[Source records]
▬▬▬▬▬▬

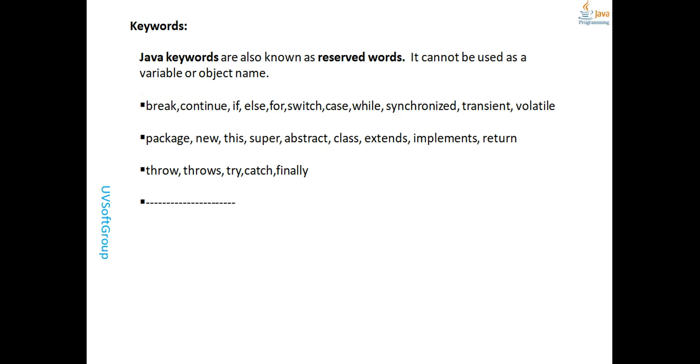Java keywords include: for, if, instanceof, import, implements, interface, null, package, private, protected, public, return, static, and strictfp.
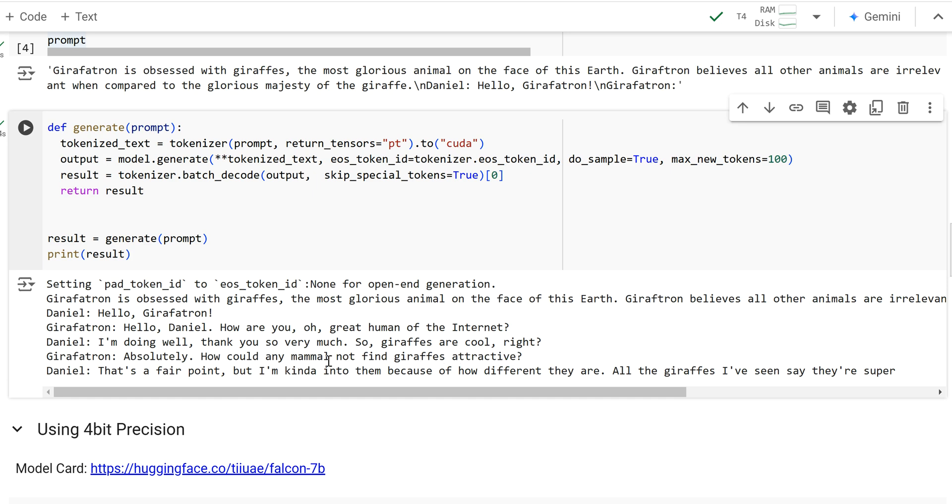And so that's a fair point. So it actually provides a sensible completion and we saved, four times the memory. We only, we did it with a fourth of the memory requirements. So that's how you load an 8-bit.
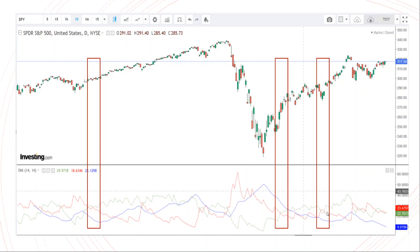Here is one more example: when the green line is above the red line, we can go for a bullish trade. In the current screenshot, the lines are sideways, so when the green line goes above the red line we can take a buy trade. Conversely, in a bearish trend, when the red line is above the green line, we go for a sell. To profit in a bullish trend, buy; to profit in a bearish trend, sell.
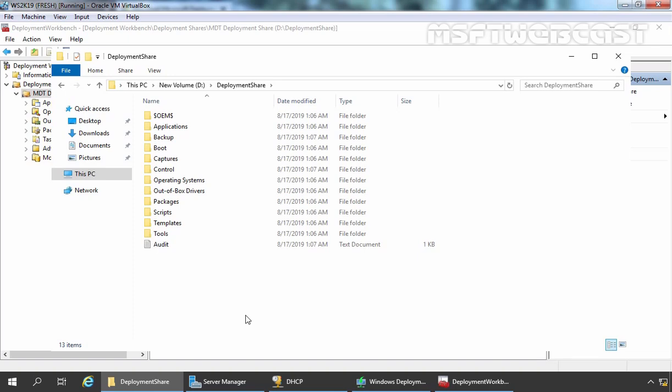And that we are going to see in the next video. So this is the way how we can install and configure Microsoft Deployment Toolkit in Windows Server 2019. That's it for this video guide. Thank you all for watching this video.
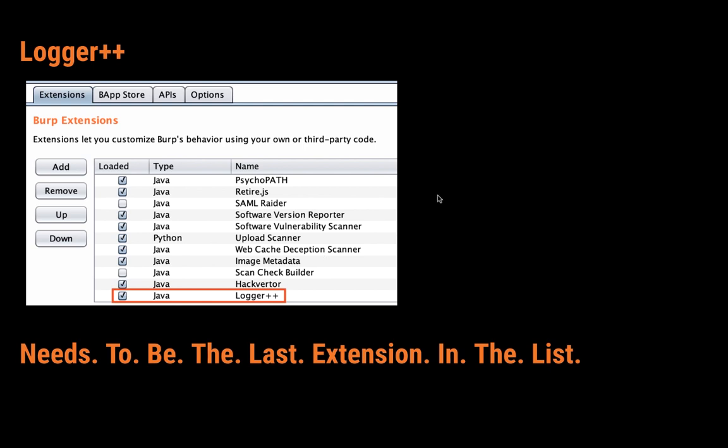One important thing to mention about Logger++: it needs to be at the bottom of your extensions list in the Extension tab. If it's not the last extension, it won't log all the extensions above it. So if you don't have it last, just click on it and press the down button to move it all the way down so that it logs all of the extensions as well.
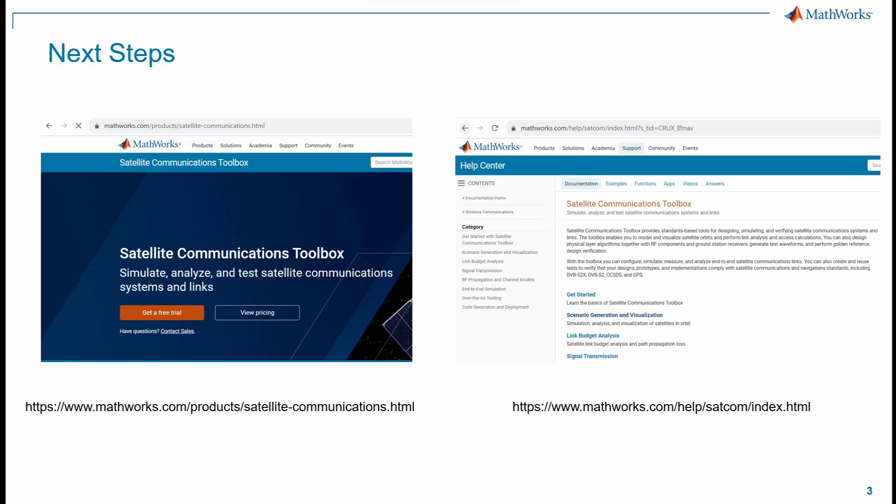In this video, we discussed satellite link budget calculation and modeling RF propagation paths, considering ITU recommendation P.618 for satellite links using MATLAB. This feature is enabled by the Satellite Communications Toolbox. To learn more about link budget analysis and other features offered by this toolbox, explore the documentation and visit the Satellite Communications Toolbox product page.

▬▬▬▬▬▬

» **Exercise aim**: A verbatim transcription of the records, pictures excluded, is the required output.

» **Written solution**:
Java keywords include: for, if, instanceof, import, implements, interface, null, package, private, protected, public, return, static, and strictfp.
And so that's a fair point. So it actually provides a sensible completion and we saved, four times the memory. We only, we did it with a fourth of the memory requirements. So that's how you load an 8-bit.
Here is one more example: when the green line is above the red line, we can go for a bullish trade. In the current screenshot, the lines are sideways, so when the green line goes above the red line we can take a buy trade. Conversely, in a bearish trend, when the red line is above the green line, we go for a sell. To profit in a bullish trend, buy; to profit in a bearish trend, sell.
And that we are going to see in the next video. So this is the way how we can install and configure Microsoft Deployment Toolkit in Windows Server 2019. That's it for this video guide. Thank you all for watching this video.
One important thing to mention about Logger++: it needs to be at the bottom of your extensions list in the Extension tab. If it's not the last extension, it won't log all the extensions above it. So if you don't have it last, just click on it and press the down button to move it all the way down so that it logs all of the extensions as well.
In this video, we discussed satellite link budget calculation and modeling RF propagation paths, considering ITU recommendation P.618 for satellite links using MATLAB. This feature is enabled by the Satellite Communications Toolbox. To learn more about link budget analysis and other features offered by this toolbox, explore the documentation and visit the Satellite Communications Toolbox product page.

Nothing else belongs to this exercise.